Exercise requirements
Everything from the line that holds "yogurt with strawberries, raspberries" through the end of the records below is to be transcribed exactly, except the pictures.
──────── Available data
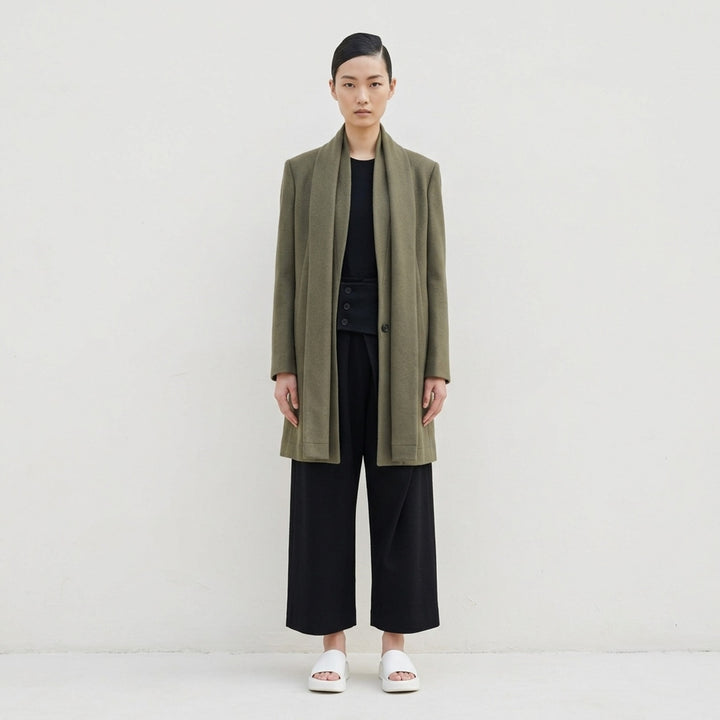 Issey Miyake Manner jacket in olive wool with integrated draped scarf collar and single button fastening - lifestyle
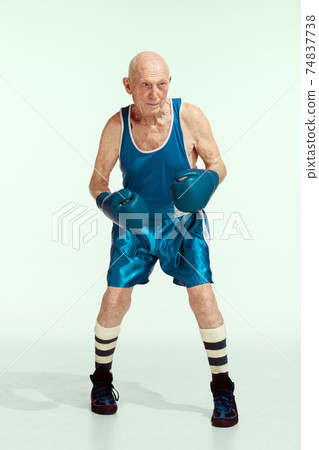 Senior man wearing sportwear boxing isolated on studio background. Concept of sport, activity, movement, wellbeing. Copyspace, ad. 74837738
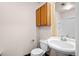 Well-lit bathroom featuring a modern toilet, vanity, and built-in cabinet with ample storage space at 12592 E Bates Cir, Aurora, CO 80014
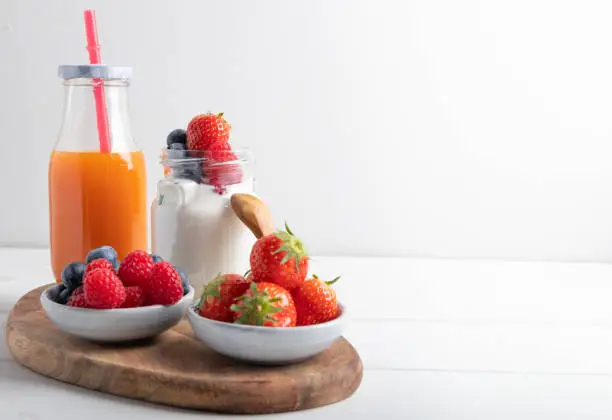 yogurt with strawberries, raspberries and blueberries on a breakfast table. Isolated on a white background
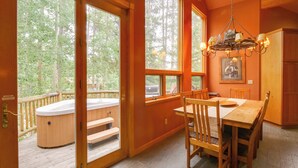 A wooden interior with a dining table and chairs, a hot tub outside, and large windows offering a view of trees. - Hot Tub & Ski Shuttle: Rustic Breckenridge Retreat (Breckenridge)
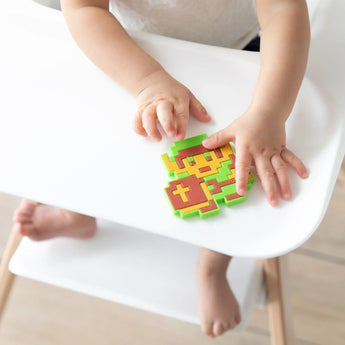 Close-up of a child holding a Bumkins Silicone Teether: Zelda™ Link on a white high chair tray.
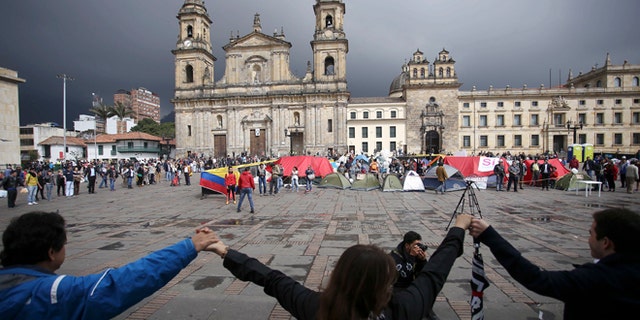 Demonstrators hold hands to support a peace accord between the Colombian government and rebels of the Revolutionary Armed Forces of Colombia, FARC, at the main square in Bogotá, Colombia, Saturday, Oct. 8, 2016. Dozens of people are camping at the Bolívar square in support of the peace process. Voters narrowly rejected in a referendum a peace accord signed between President Juan Manuel Santos and the FARC. (AP Photo/Ivan Valencia)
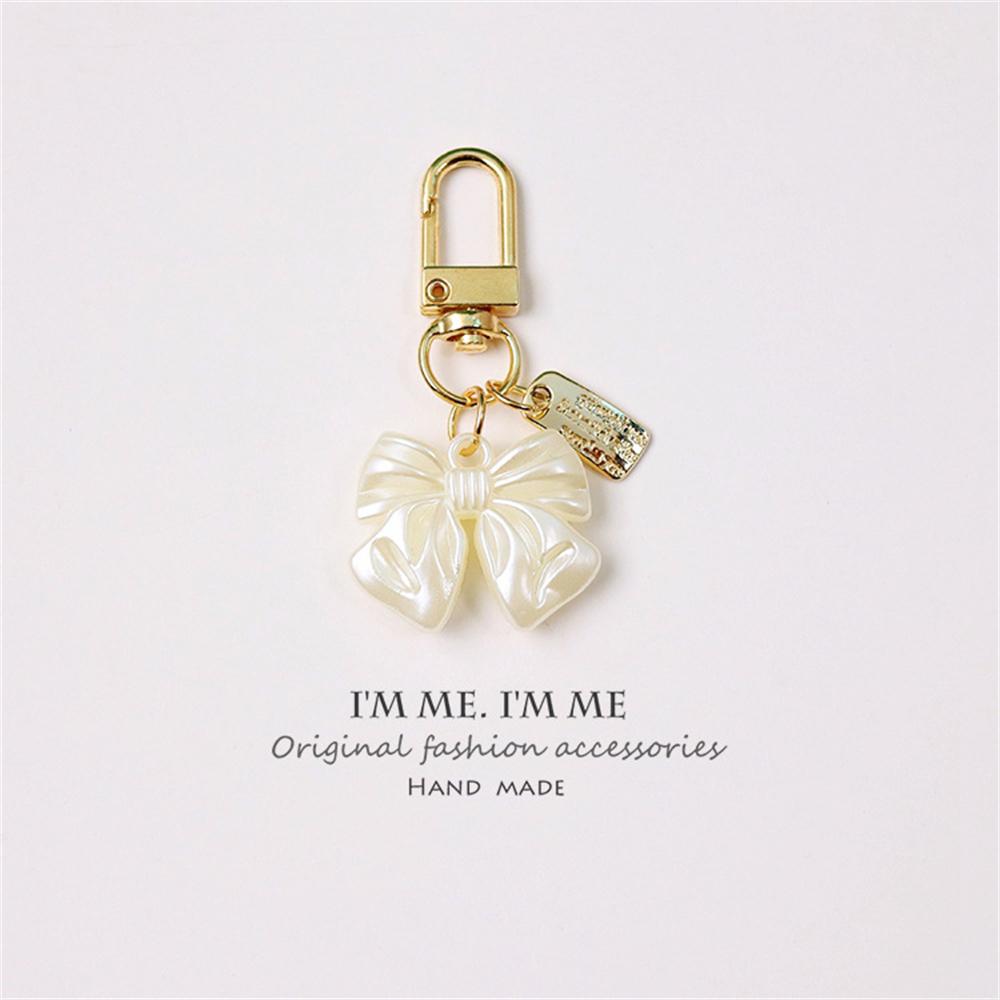 Niedlicher Perlenblumen-Schlüsselanhänger Glänzendes Muschelblatt-Schlüsselanhänger Metallanhänger Zubehör für Damen Auto Anhänger Taschenanhänger Schmuck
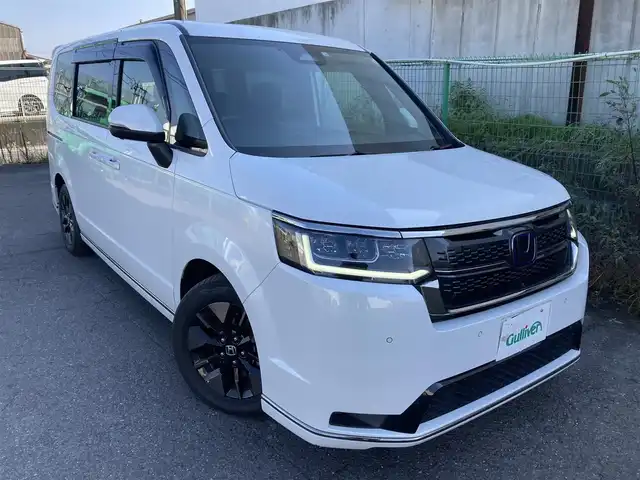 ホンダ ステップワゴン スパーダ eHEV 香川県 2022(令4)年 7.3万km プラチナホワイトパール 純正11.4型ナビ/フルセグTV/純正15.6型リア席モニター/両側パワースライドドア/マルチビューカメラ/ビルトインETC/アダプティブクルーズコントロール/ホンダセンシング/・衝突被害軽減ブレーキ/・車線逸脱防止支援/・前後誤発進抑制/・ブラインドスポットインフォメーション/・標識認識/・オートハイビーム/LEDヘッドランプ/革巻きステアリング/パドルシフト/合皮/撥水加工ファブリックコンビシート/前席シートヒーター/2列目キャプテンシート/オットマン/純正16インチアルミホイール/スマートキー/プッシュエンジンスタート/禁煙車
────────────────
Solution below
 yogurt with strawberries, raspberries and blueberries on a breakfast table. Isolated on a white background
 A wooden interior with a dining table and chairs, a hot tub outside, and large windows offering a view of trees. - Hot Tub & Ski Shuttle: Rustic Breckenridge Retreat (Breckenridge)
 Close-up of a child holding a Bumkins Silicone Teether: Zelda™ Link on a white high chair tray.
 Demonstrators hold hands to support a peace accord between the Colombian government and rebels of the Revolutionary Armed Forces of Colombia, FARC, at the main square in Bogotá, Colombia, Saturday, Oct. 8, 2016. Dozens of people are camping at the Bolívar square in support of the peace process. Voters narrowly rejected in a referendum a peace accord signed between President Juan Manuel Santos and the FARC. (AP Photo/Ivan Valencia)
 Niedlicher Perlenblumen-Schlüsselanhänger Glänzendes Muschelblatt-Schlüsselanhänger Metallanhänger Zubehör für Damen Auto Anhänger Taschenanhänger Schmuck
 ホンダ ステップワゴン スパーダ eHEV 香川県 2022(令4)年 7.3万km プラチナホワイトパール 純正11.4型ナビ/フルセグTV/純正15.6型リア席モニター/両側パワースライドドア/マルチビューカメラ/ビルトインETC/アダプティブクルーズコントロール/ホンダセンシング/・衝突被害軽減ブレーキ/・車線逸脱防止支援/・前後誤発進抑制/・ブラインドスポットインフォメーション/・標識認識/・オートハイビーム/LEDヘッドランプ/革巻きステアリング/パドルシフト/合皮/撥水加工ファブリックコンビシート/前席シートヒーター/2列目キャプテンシート/オットマン/純正16インチアルミホイール/スマートキー/プッシュエンジンスタート/禁煙車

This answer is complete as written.